Have you found out if you have standard or sport rear suspension ?
A dealer will be able to tell you from the vin,or you can have a look at the spec label of your car in the spare wheel tray,there is a list of option codes - 1JT is code for rear sports suspension 
edit : springs and shocks are different between standard and sport so you need to know


----------



## Antnkel (May 26, 2016)

It's standard as far as I can see, front is anyway. Rears all over the show.
Had a look at that label, anyone have a list of the codes?


----------



## Antnkel (May 26, 2016)

Just phoned audi, they didn't fill me with confidence.
They said " I would have to look at the springs that were on as they have different colour dots on"!!
So just to get a price I said 5 violet dots, as I think that's correct.
£91.33 + vat each.


----------



## JRow (May 8, 2016)

you can find what all the codes mean here : http://prsearch.planetvag.com/

1JL the last code on your sticker ,i guess is standard suspension (comes up as 'rear shock absorbtion' ) ,as i said in my last post sport suspension is 1JT


----------



## Antnkel (May 26, 2016)

Thanks for that list. Can't believe it's such a grey area with the springs!


----------



## JRow (May 8, 2016)

Before committing to the standard spring (37cm centre to arch) you could jack your car up to give that gap to see if its a look you can live with


----------



## Hoggy (May 8, 2002)

Hi, My 225 is pre-facelift & shows 1JL. & has 5 purpleish dots on rear
Hoggy.


----------



## Antnkel (May 26, 2016)

I'm not bothered about the gap, just want it handling correctly.
Don't want to pay over £200 on just rear springs either.
So still have a bit of digging to do yet.


----------



## Jez xbx (Oct 24, 2014)

if you want to save some cash you can trawl eBay for second hand springs
I got a pair for the princely sum of £25 quiddies
Took me a couple of hours at a local rent a lift garage, (I don't even have a garden to do them in)
so all in mine cost just over £50
I took a flyer on the springs on the basis they are relatively easy to check to see if theres a problem, 
and if there is a problem they are relatively easy to swap out!


----------



## Antnkel (May 26, 2016)

I'm looking on eBay now, contacted a seller about some new ones asking about the length.
They asked for my reg and what colour dots ( I said 5 violet ) were on the springs, so thought I was onto a winner.
Until he said their not the right springs for your car, so I can't supply them!!


----------



## Antnkel (May 26, 2016)

Found this, second spring for £48
It states right part number and 5 violet

http://www.autodoc.co.uk/car-parts/oem/1j0511115cr


----------



## Jez xbx (Oct 24, 2014)

try bristol audi, they were really helpful?
Also I think Cardiff audi have quite a strong eBay presence?
I've bought oil from them so hopefully their parts dept is quite forward thinking?
Def get the right dot combo!

The huge variation isn't that big if you start breaking it down IMHO?
QS, 3.2, 225, 180Q, 180, 150, (6 sets)
Coupe vs roadster (potentially 11 sets)
Pre / post facelift (maybe another half dozen or so?)
Allowing an update to the part number in the model lifecycle you're at 30 or so sets?


----------



## Antnkel (May 26, 2016)

I'm quite sure I've got the right part number and coloured dots now. It's just a matter of were I get them from now.


----------



## Antnkel (May 26, 2016)

Springs and shocks are on now, don't half look high at the back now.


----------



## Antnkel (May 26, 2016)

The shocks had totally gone and the springs weren't the right ones!


----------



## miTTzee (Dec 8, 2015)

Hi de Hi - are you happy with the ride height?

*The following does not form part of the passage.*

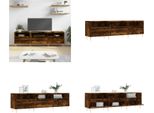 Vidaxl Mobile Tv In Rovere Fumé 150X30X44,5 Cm - Mobile Tv - Mobile Tv - Supporto Tv - Lavagna Tv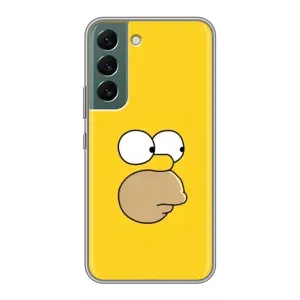 Чехол с Симпсонами для Samsung Galaxy S22 Plus (VPrint) (Гомер)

Like you I had a broken spring, so tried changing them with
parts from 'Europarts'. As you can see from the photo, they
make the car look like a 4x4. :lol:



At the moment I have not changed those springs yet, but have a set of the 
original 5 violet colour ones in the garage. 
Will maybe go down the Apex route later on, with tie rods and new shocks.

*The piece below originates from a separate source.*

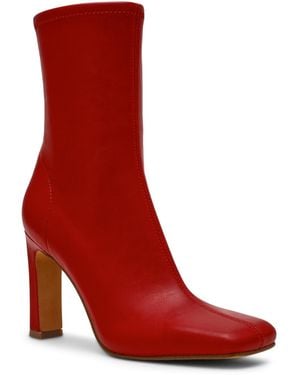 Steve Madden Khelan Blade-heel Stretch Dress Booties - Red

Your TT looks great, so hope the ride height is what you want.

Regards - miTTzee :wink:


----------



## BadNun (Mar 11, 2016)

This was my first TT lol


----------



## Antnkel (May 26, 2016)

Hi, yes I'm over the moon with it.
When I now go over bumps it doesn't kick out, it feels alot better but have only driven it for a couple of miles since changing the parts. 
Mine now has the 5 violet springs on and monroe shocks.


----------



## Antnkel (May 26, 2016)

BadNun said:


> This was my first TT lol


That's just a little too high for me.


----------



## BadNun (Mar 11, 2016)

Antnkel said:


> BadNun said:
> 
> 
> > This was my first TT lol
> ...


I did put facelift springs on it....then the camber went mental. I ended up putting pre facelift back on.

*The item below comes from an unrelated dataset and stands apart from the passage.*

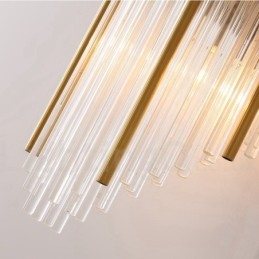 Luminária de parede de cristal K9 de luxo moderna com cúpula de cristal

That car was a total pain. Strange how it started my love of TTs even after making me cry and taking all my money.


----------



## Hoggy (May 8, 2002)

BadNun said:


> This was my first TT lol


Hi, Looks much too high even for pre-facelift.
Hoggy.


----------



## GARAGE HERMIT (Mar 7, 2015)

BadNun said:


> This was my first TT lol


jeez, did they put front spring's on the back,, never seen a tt that high,


----------



## BadNun (Mar 11, 2016)

GARAGE HERMIT said:


> BadNun said:
> 
> 
> > This was my first TT lol
> ...


I know it's funny as.

It had super cheap springs on when i got it. I was a TT noob so did not know that was wrong at the back. I put facelift springs on but that was a silly move. I put some genuine pre facelift on before i sold it.


----------



## Thebluespot (Sep 13, 2019)

Just bought an '04 3.2L coupe. It has KW coils and I love the ride, but front bumper occasionally scrapes, plus I constantly worry. Thinking to raise the car to standard height at least, and want to know what that is. This thread references pre-facelift and facelift - what's the difference? Mine seem to be 338 mm from center of hub to wheel well rim.


----------



## Hoggy (May 8, 2002)

Hi thebluespot, I'm sure the 3.2 height because of the lower sump is the same as the pre-facelift 225 which is 370mm, 20mm higher than facelift. Happy to be corrected
Hoggy.


----------